Yo, Blair! The Boys Are Back In Town

One is a powerful political force on the world stage, on a mission from God. The other is President of the United States. Bush and Blair meet today in London for breakfast, only this time there'll be no open mics to record the conversation. 

Officially Blair is meeting Bush as his Middle East envoy - but why in London and why now? 

Bush's farewell world tour is being seen as a 'lame duck president looking for a legacy'. But make no mistake Bush is still the leader of the most powerful nation on earth. 

Bush and the neocons may be on their way out but there's still months to go before he's consigned to the history books as the president who took the US to war in Iraq. And Blair is worried he too will suffer the same fate. 

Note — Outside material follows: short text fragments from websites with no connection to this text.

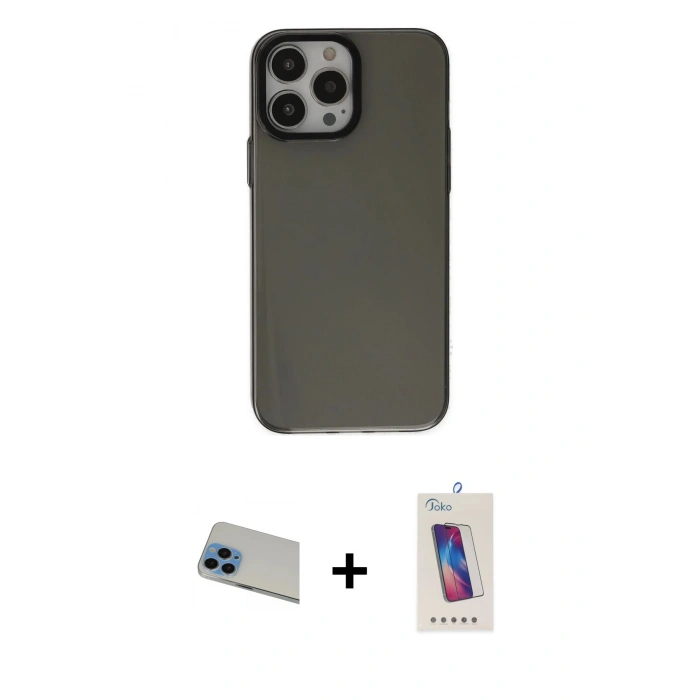 MARSİLYAN™- iPhone 13 Pro Max Kılıf Zirve Doku Koleksiyonu - Siyah Joko 5D Cam + Rainbow Kamera Lens Koruma Cam - MI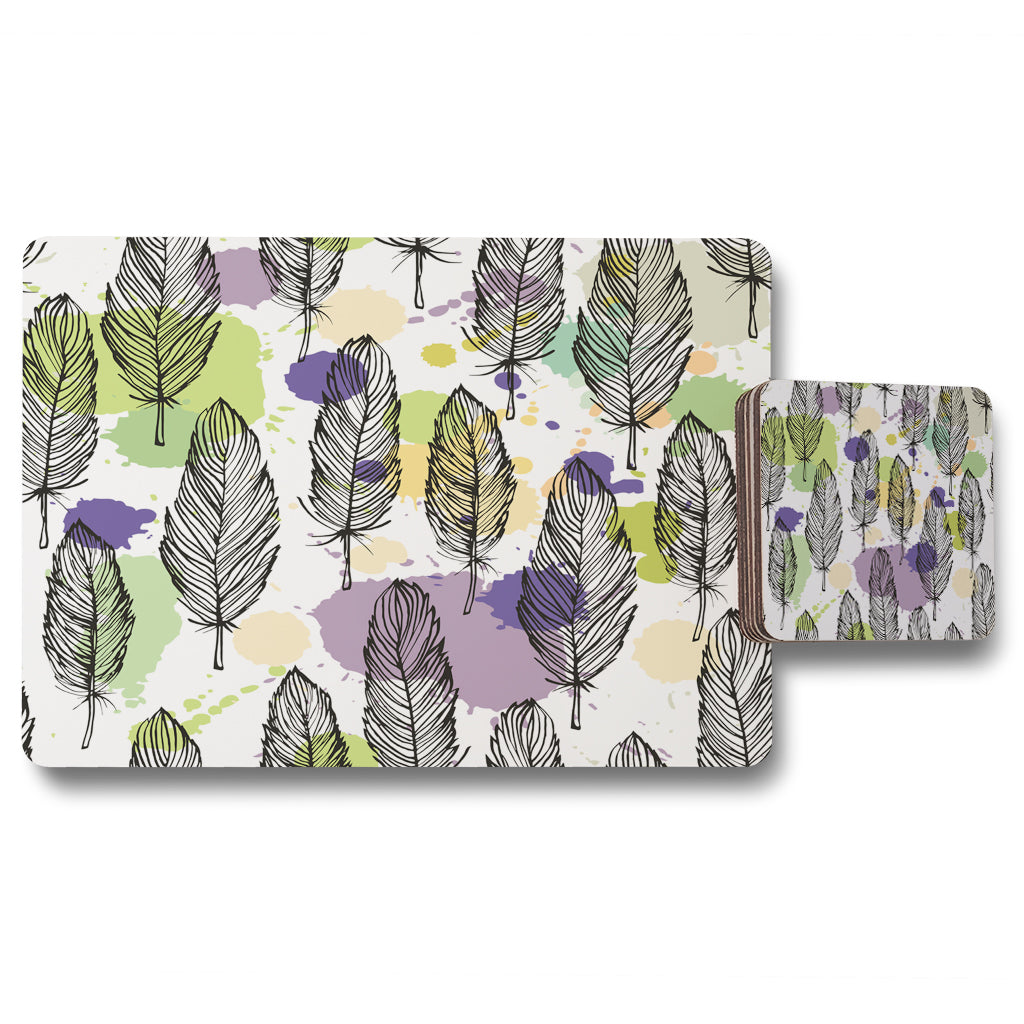 New Product Spotted colored feather seamless pattern, vector background (Placemat & Coaster Set)  - Andrew Lee Home and Living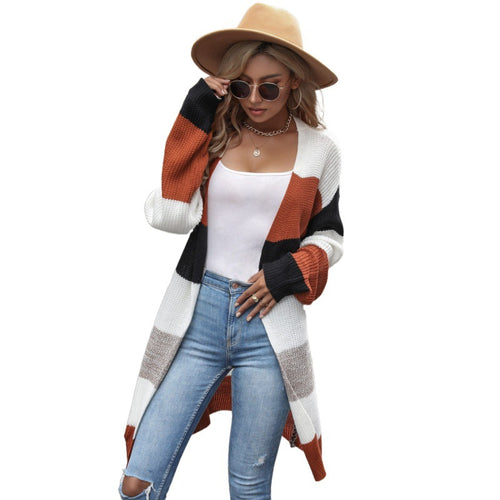 Damen Strickjacke mit blockfarbenen Streifen Shop Nory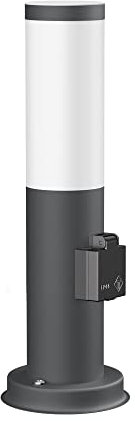 ledscom.de Paletto luminoso PORU con attacco per esterni, antracite, rotondo, 38,5 cm, incl. lampada E27, 471lm, bianco extra-caldo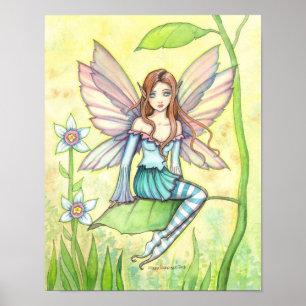 Schattige Bloemenfee Fantasie Kunst Poster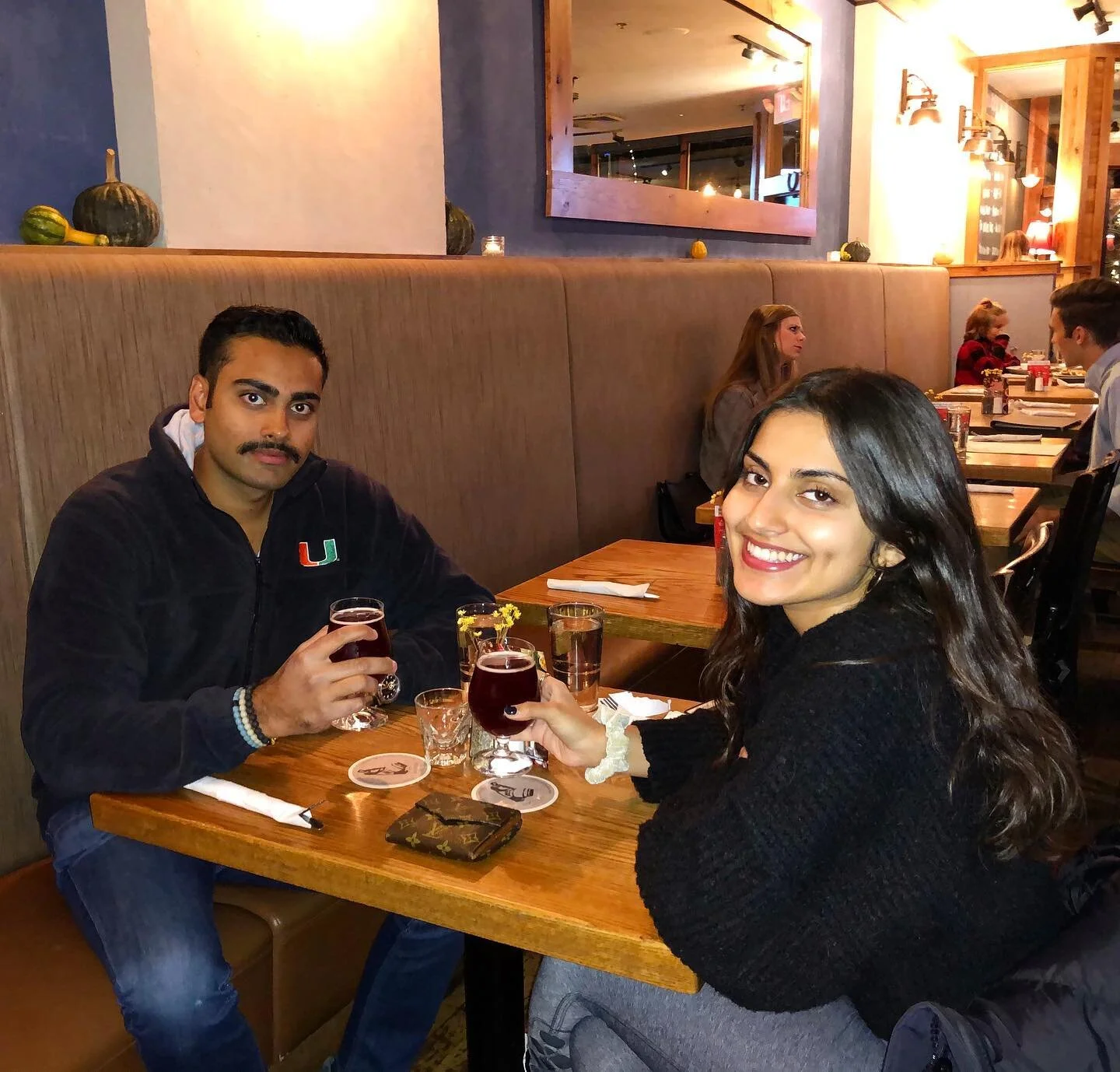 Enjoying an ice cold🍺 in Wisco with the little sis= Priceless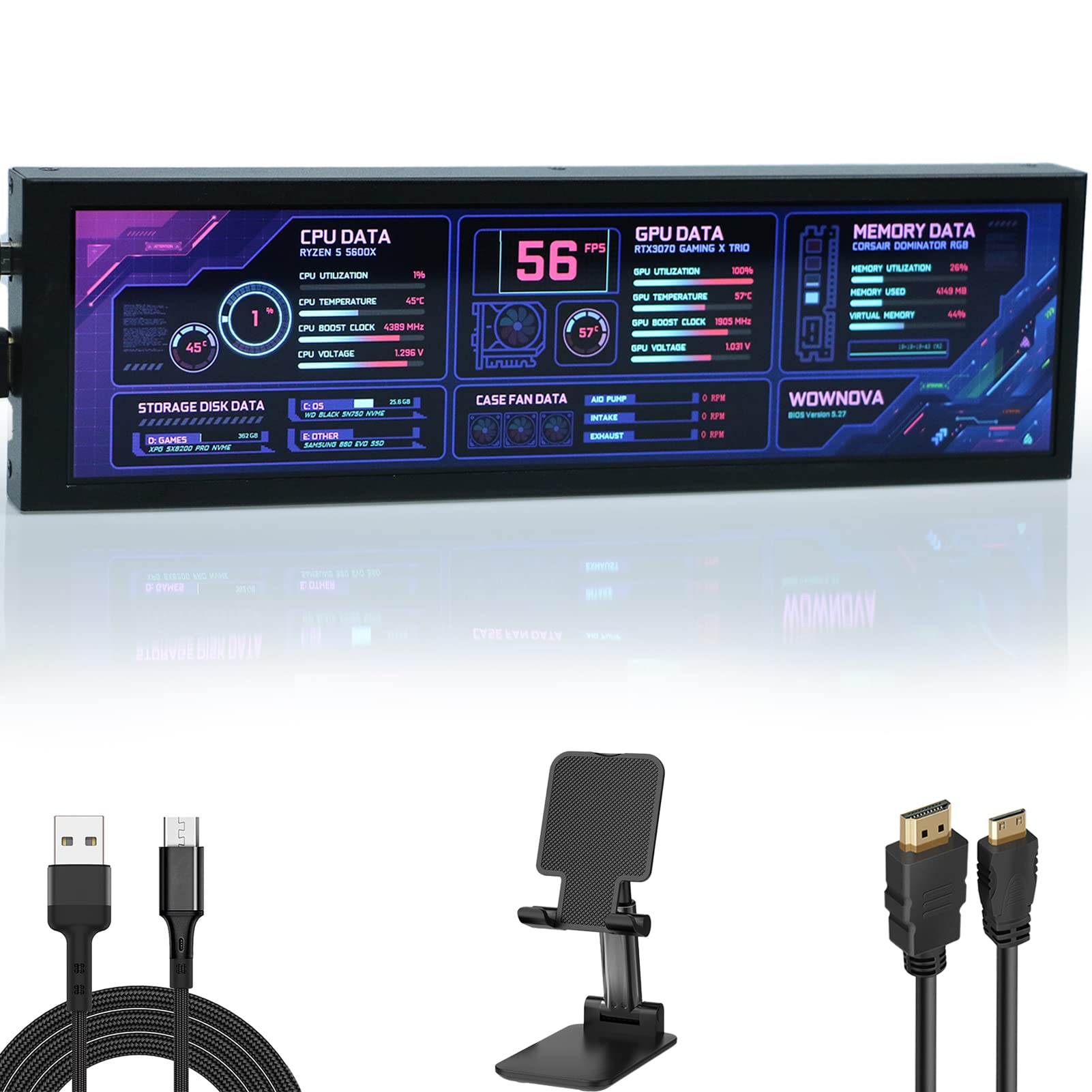 Amazon.com: WOWNOVA Computer Hardware Temp Sensor Panel 8.8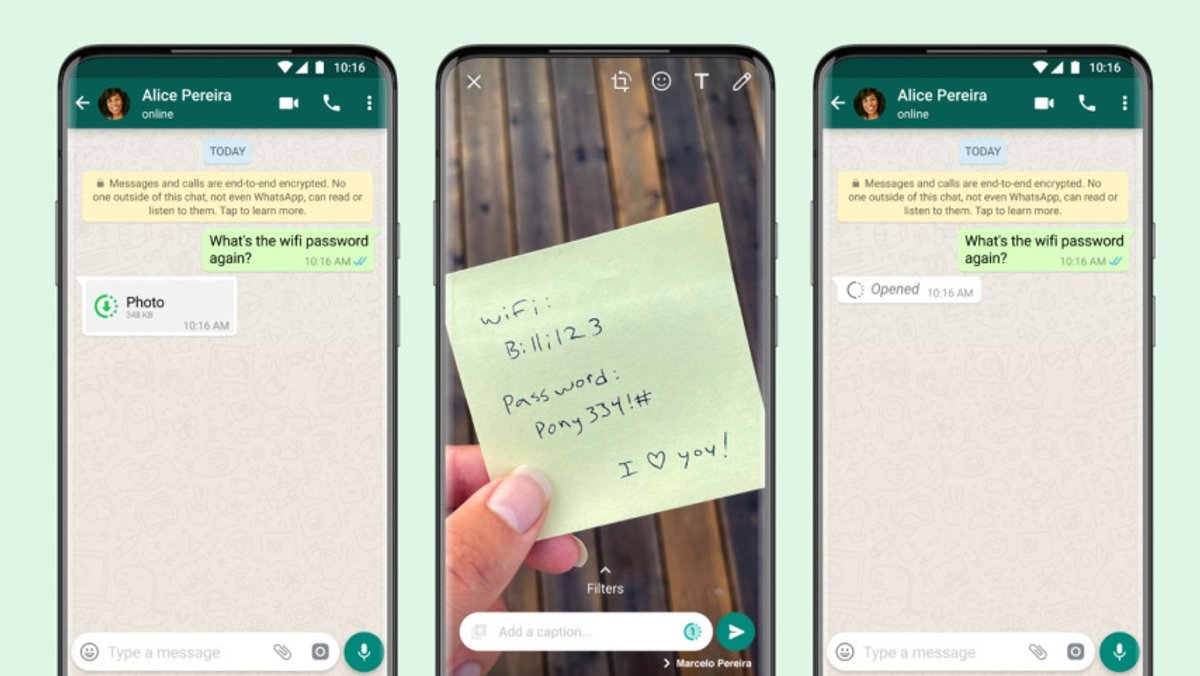 Drei Smartphone-Screens, auf denen WhatsApps "View Once"-Funktion demonstriert wird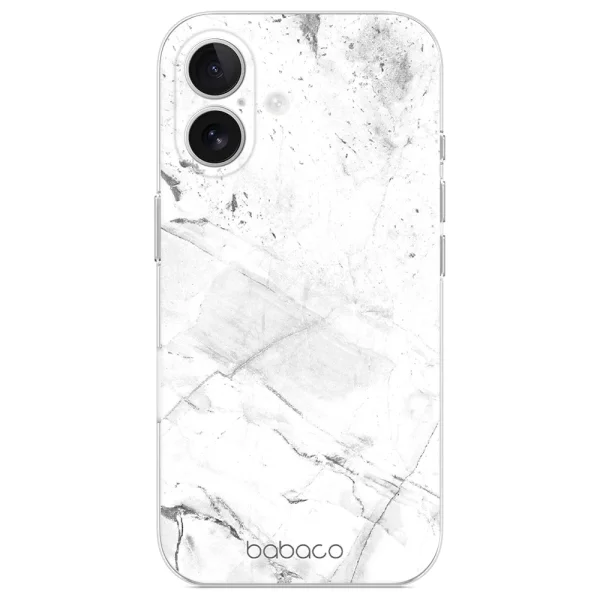 Abstract case for iPhone 16, White Marble 1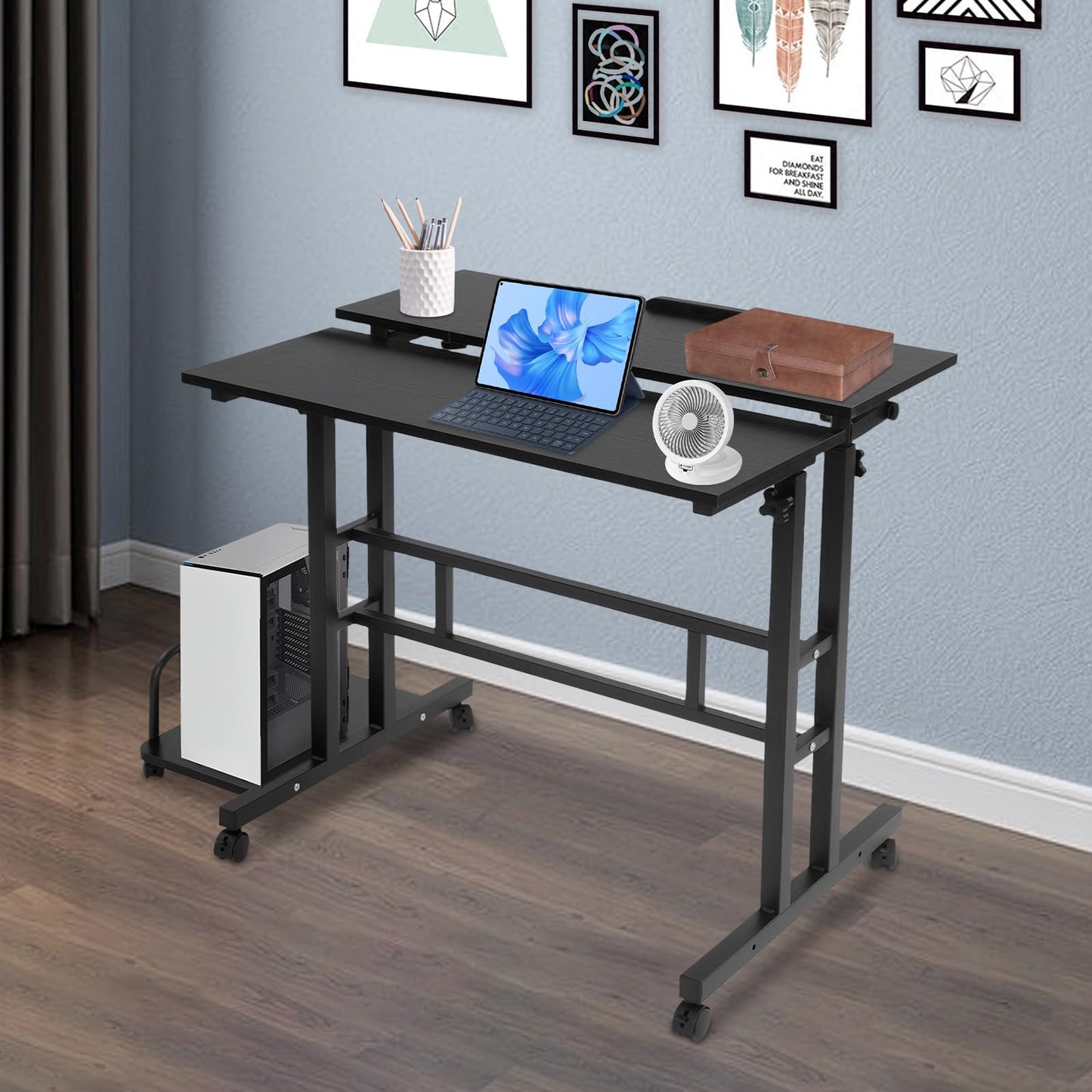 Ojseimchrl Adjustable Height Computer Desk, 45 Inch Small Home Office Desk, Multi Functional Foldable Desk with Foldable Panels for Home, Office (Black)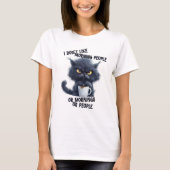 朝の人嫌いなグリム猫 Tシャツ (正面)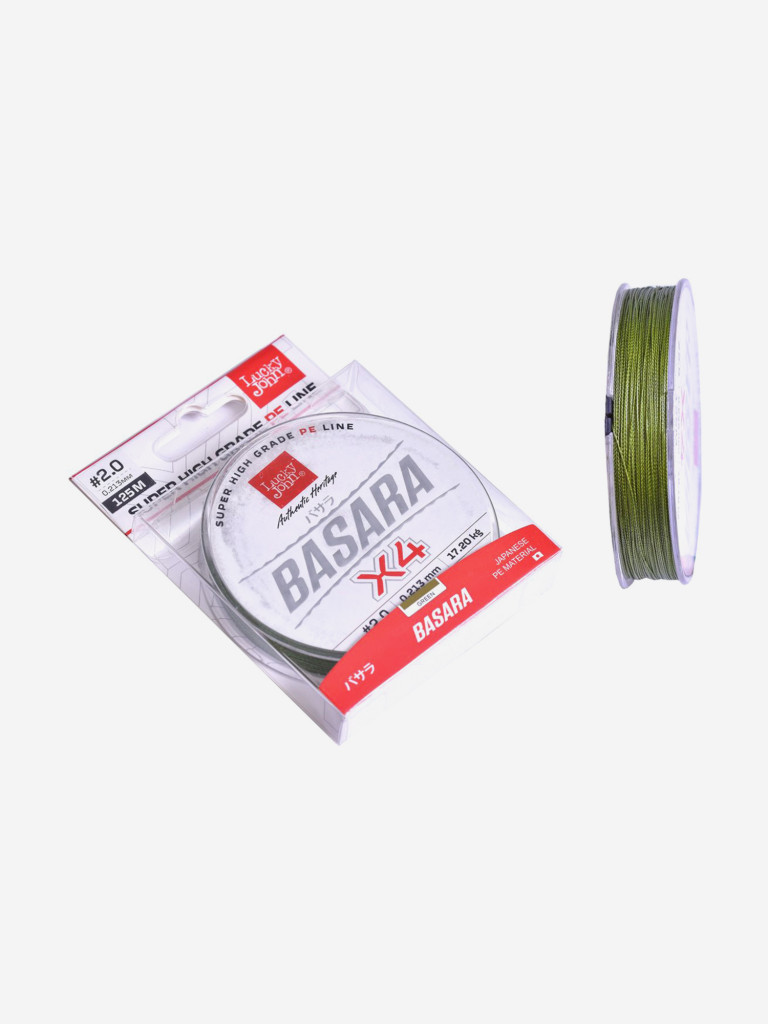 Шнур плетеный для рыбалки Lucky John Basara Green, длина 125 м, диаметр 0,21 мм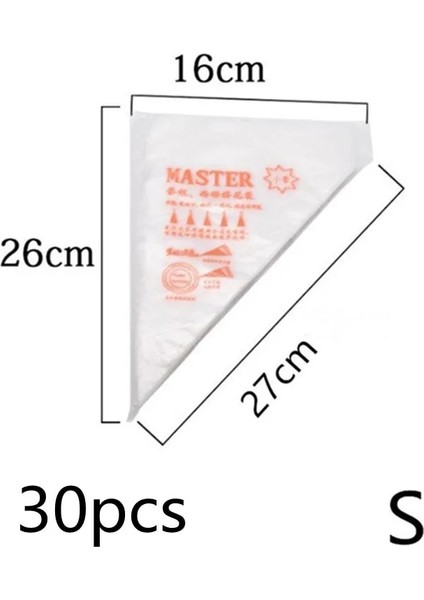 S 30 Adet Tarzı Pcs Tek Kullanımlık Pasta Torbaları Buzlanma Kek Krema Dekorasyon Mutfak Yemek Hazırlama Torbaları Fincan Kek G Pişirme Araçları (Yurt Dışından)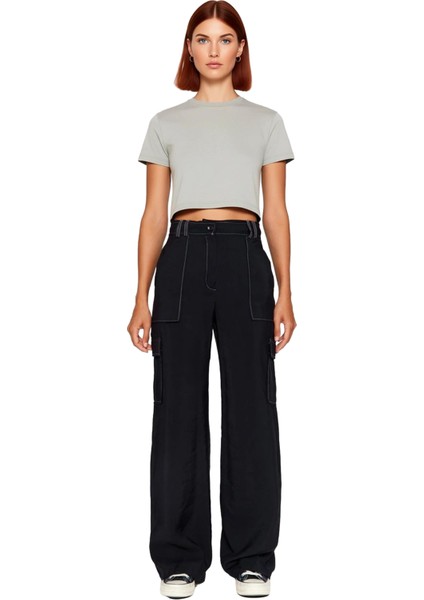 Kadın Geniş Paça Kargo Pantolon Kontrast Dikiş Detaylı Fonksiyonel Dayanıklı Kaliteli Spor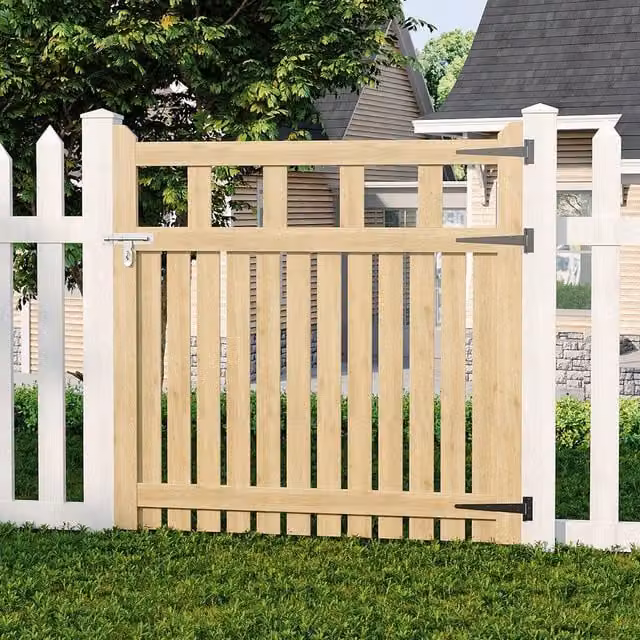Livingandhome Brown Spruce Wood Garden Fence Single Gate with Raised Sides, Width: 120 cm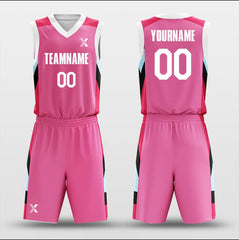 Cikers Sports Basketball Uniforms Pink Puzzle Pieces - Customized Basketball Jersey Set Design BK160617S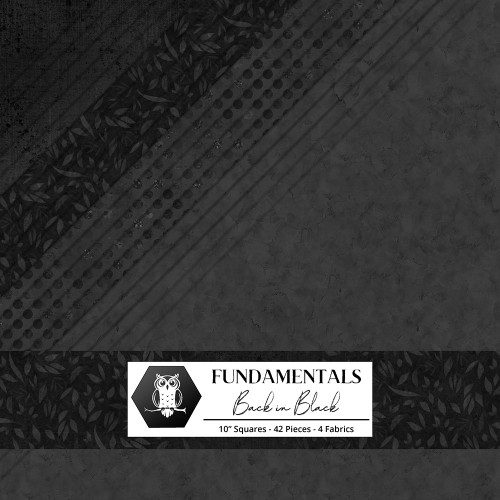 Lumin Fabrics White Owl Fundamentals Back in Black Stack Blacks Greys Ten Inch Squares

After hiding away for months in his luxury Jerusalem hotel, Blair has been popping up all over the place. He popped up at Westminster the other week all empty smiles and popped up again to launch the Blair Blind Faith Foundation. 

Blair has already bought a huge house in central London and recently bought a country pile - a £4 million stately home in Buckinghamshire, just a few miles from Chequers, the prime ministerial country retreat. How convenient. 

Strange choices for someone who says he just wants to devote his life to God.

One thing we have learnt about Blair is not to trust him. He is all things to all people. That's how he and his cronies in the New Labour Project managed to fool most of the people, all of the time. Until we saw through him.

So far Blair has been richly rewarded by Bush for taking the UK into the illegal Iraq war and at the same time boosting the profits for the huge US global corporations. But the Big Prize still awaits  him.

Could it be the appointment of Blair as the new full-time permanent EU president, currently being bulldozed through by Brussels, with powers over defence and trade? That would be a US neocon's dream. Bush needs his man in Europe and Blair has never disappointed his powerful masters.

In his political novel, The Ghost, Robert Harris paints a similar picture for his Blair-esque prime minister, Adam Lang. Sometimes the truth is stranger than fiction.